From The Neolithic To The Sea: A Journey From The Past To The Present

St. James Church, Avebury

51°25'43.1"N 1°51'28.6"W
SU 0997369968
Pre 1000

  • History
  • Gallery
  • Gallery
  • Gallery
St. James Church, once known as All Saints, is located in Avebury,Wiltshire and is within close proximity of Avebury Manor and near the Avebury Henge and Stone Circles.

The church was originally built in by the Anglo-Saxons' and the nave dates back to this time, although this was altered by the Normans. The early church was two storeys high, with round-headed windows, three of the these still survive high in the north wall.

Aisles were added to the Saxon nave in the 12th century by the Normans, and access was originally through two low arched openings. The remains of one of these arches can be seen where it has cut away a corner of one of the round-headed windows. These Norman arches disappeared in 1812 when the present arcade was built.
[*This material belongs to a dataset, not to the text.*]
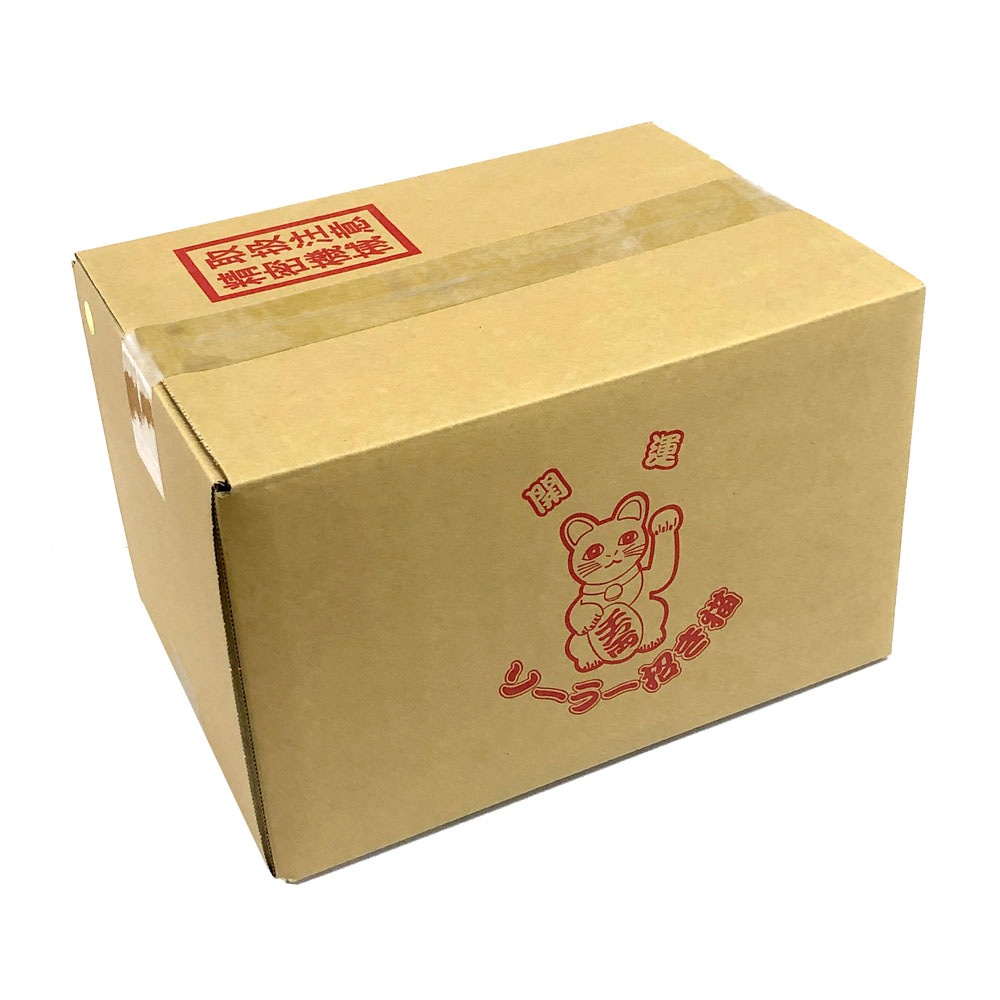 ���淿�������ۡ������顼����ǭ������2����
The Saxon chancel was replaced in the late 13th century, but was greatly rebuilt in 1879, the arch still survives.

The Norman aisles had been widened in the 15th century, when the Norman south doorway was moved to its present position.
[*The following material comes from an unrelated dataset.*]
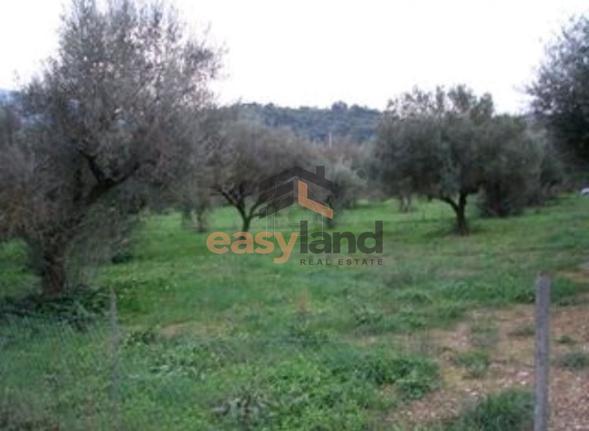 Land plot 1.415 sqm for sale, Achaia, Paralia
The tower was built in the 15th century, with bells fitted in 1719-20. These were replaced in 1981, except for the tenor bell. This was then used to strike the hour.
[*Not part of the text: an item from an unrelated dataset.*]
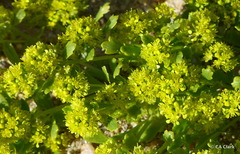 Lepidium flavum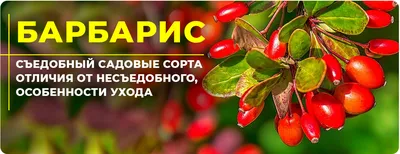 Барбарис Тунберга: фото, описание, посадка, сорта, уход, размножение,  болезни и вредители кустарника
The rood loft is the original dating back to at least the 15th century. This would would have been destroyed after the Reformation and the loft and screen were removed, probably following an order of 1561 from Elizabeth I. It would have been sold off or reused for another purpose, but the Avebury church managed to hide and preserve their rood loft. The timbers were stacked against the east wall of the nave, above the chancel arch, and covered with a lath and plaster wall. This secret was well kept and the timbers were not discovered until 1810. The rood loft was restored in the 1878 - 1884 renovations, with the loft parapet repainted with matching colours to those noted on the woodwork by the architect, Charles E. Ponting.

The tub font is thought to be of Saxon origin but the detailed carving is from the beginning of 12th century.

Today the church is open to the public and is Grade I listed.